Since the copy must hold text only, transcribe the data below exactly and omit the images.

PROVIDED DATA:
##########

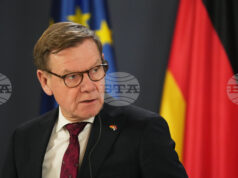 Германският външен министър заяви, че разговорите в Женева са "решителен успех" за Европа Германският външен министър заяви, че разговорите в Женева са "решителен успех" за Европа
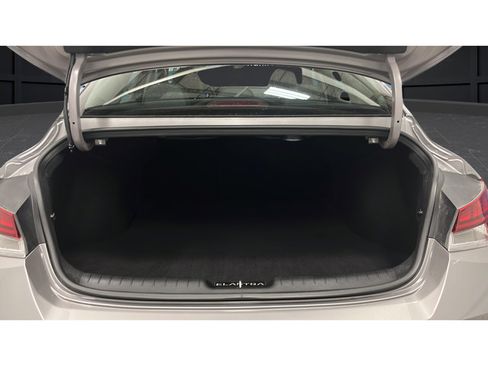 Used 2023 Hyundai Elantra Limited FWD image 26
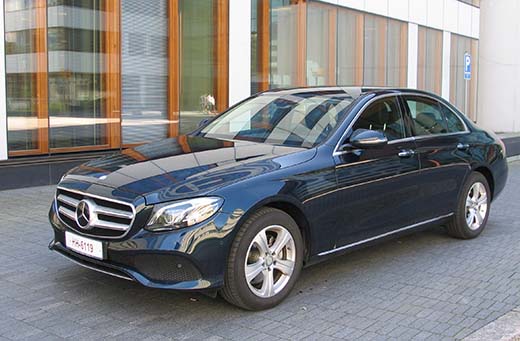 Mercedes-Benz E 220 d A Premium Business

##########

REPLY:
 Германският външен министър заяви, че разговорите в Женева са "решителен успех" за Европа Германският външен министър заяви, че разговорите в Женева са "решителен успех" за Европа
 Used 2023 Hyundai Elantra Limited FWD image 26
 Mercedes-Benz E 220 d A Premium Business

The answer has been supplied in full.